Honourable Prime Minister,

Honourable Ministers of Planning, Finance, and Economic Development,

Ambassador Vijay Makhan, OAU Assistant Secretary General,

Ambassador Yasushi Kurokouchi, Ambassador Extraordinary and Plenipotentiary of the Government of Japan

Excellencies,

Ladies and Gentlemen,

I. Welcome

This is an auspicious occasion, made all the more so by the presence and opening statement of Ato Meles Zenawi, who as Prime Minister of our Host Country and as Chairman of the OAU has brought high honour to both positions. Your being here, Mr. Prime Minister, adds to the importance of this Conference. We are grateful for your continuing support of the work of the Commission and for your very inspiring statement this morning.

Honourable Ministers,

Distinguished Delegates and

Distinguished Observers,

Welcome to the first ministerial conference in this new conference centre for Africa. This centre was requested at the 1984 General Assembly by African states to be a home for regional cooperation. It is fitting that this Conference is held in this Centre, for it is a new home for you. May the quality of our work match the magnificence of this facility.

I would also like to extend a very warm welcome to Ambassador Yasushi Kurokouchi, Ambassador Extraordinary and Plenipotentiary of the Government of Japan, our special guest for this meeting. Mr. Ambassador, today, your country Japan, this great economic power, has become the strongest of development partners. The world's largest donor of Official Development Assistance, supplier of well over one billion dollars a year in bilateral aid to sub-Saharan Africa. And with even more to offer Africa as a development partner in terms of expertise, experience and relevant strategies, as the original powerhouse of the East Asian economic miracle.

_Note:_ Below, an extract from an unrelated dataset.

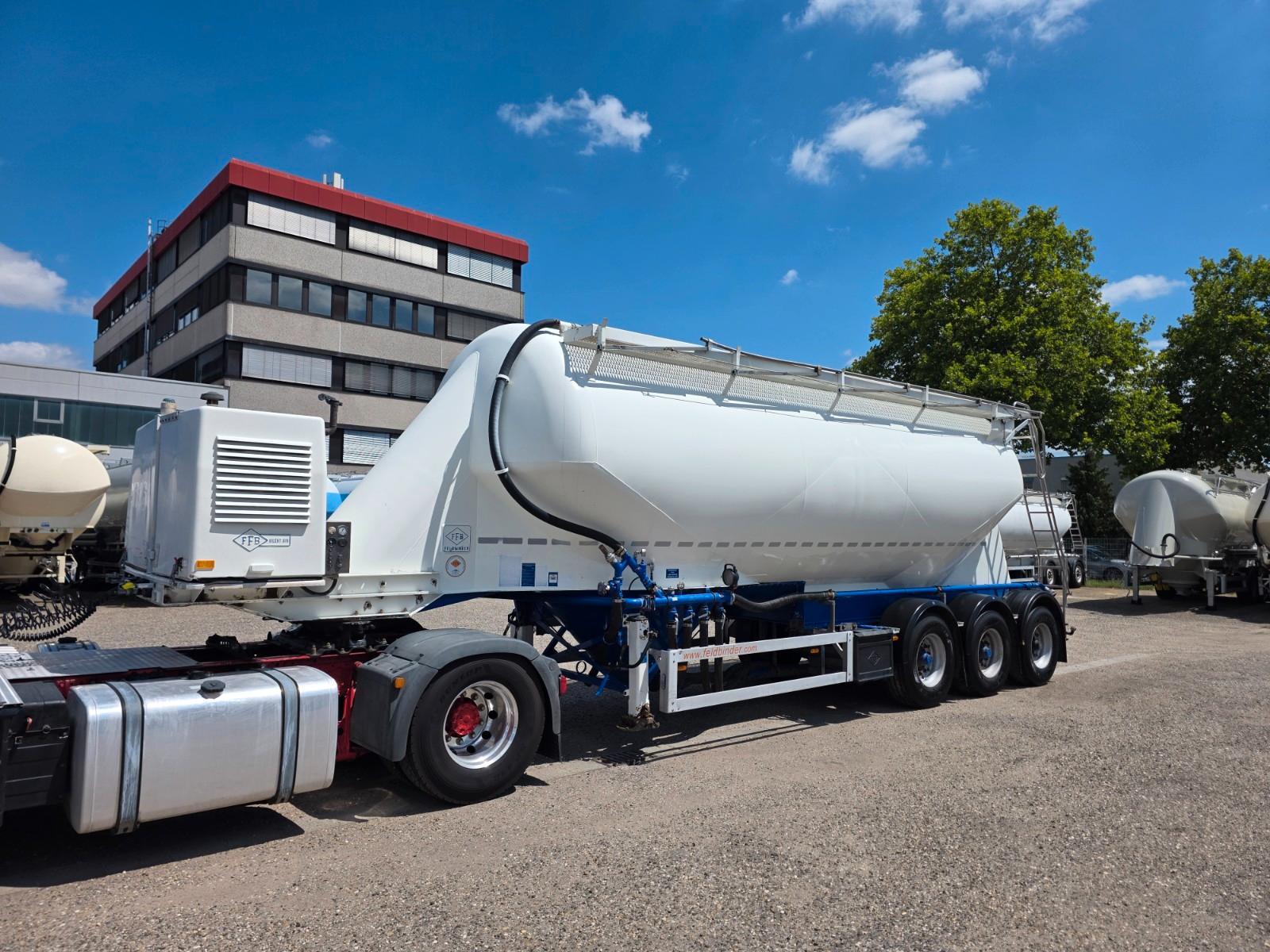 Feldbinder 36m³ Zementsilo / Diesel Kompressor GHH !!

Mr. Ambassador, your own personal interest in the affairs of our continent and the contribution you have made towards the development and enhancement of Japan's development assistance to Africa is well known and greatly appreciated.

This meeting is the first opportunity for ECA to discuss with you, our Board of Member States, the Commission's plans for a major renewal. It also is an opportunity to discuss with you the United Nations System-wide Special Initiative on Africa. And, as you know, this Conference is my first opportunity to appear before you. For all these reasons this occasion has been anticipated with great pleasure.

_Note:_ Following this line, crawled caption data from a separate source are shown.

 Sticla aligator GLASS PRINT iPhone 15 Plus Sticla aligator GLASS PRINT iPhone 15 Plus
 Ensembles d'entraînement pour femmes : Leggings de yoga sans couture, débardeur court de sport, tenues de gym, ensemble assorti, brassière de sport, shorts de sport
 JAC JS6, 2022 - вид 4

If you will permit a personal note, I have now been with your Commission for ten months. As I understand my situation, for administrative matters I am responsible for operating under the rules of the United Nations and to the Secretary-General of the United Nations (UN). Although as you know, our ultimate authority is the United Nations General Assembly, for all practical purposes, however, ECA and I look to this Conference for substantive direction. This is as it should be: we are Africa's institution under African guidance. I personally welcome this. I, like you, am here to serve Africa, to have ECA be a strong voice for Africa, and to join you with an obligation only to act for the best interests of Africa, preferably in concert with others, but if need be to act, with you, independently saying what needs to be said.

I come to you, my Board, learning but also acting. Your directions and guidance are and always will be welcome. I also come to you with the perspective of someone new. I come with questions and I ask your indulgence for them. May I repeat what I said last Tuesday to the Technical Preparatory Committee of the Whole (TEPCOW) that my months in ECA have been made infinitely easier through the always friendly and always collaborative work of our outgoing Bureau. I thank H. E. Ato Girma Birru, the distinguished Chairman of the outgoing Bureau, and each of the Bureau's esteemed members for aiding my smooth transition and for their leadership in bringing us step-by-step to this Conference.

II. A Time of Opportunity

As someone new to this conference, it may be useful to share a few views. My perspective is that of someone who has worked in Africa for many years and who also has had global responsibilities in a global institution. Africa has been through extraordinarily difficult times. The economic depression of the 1980s and the early 1990s, the still unresolved debt crisis, and a global economy which too often sidelines Africa, has taken its toll.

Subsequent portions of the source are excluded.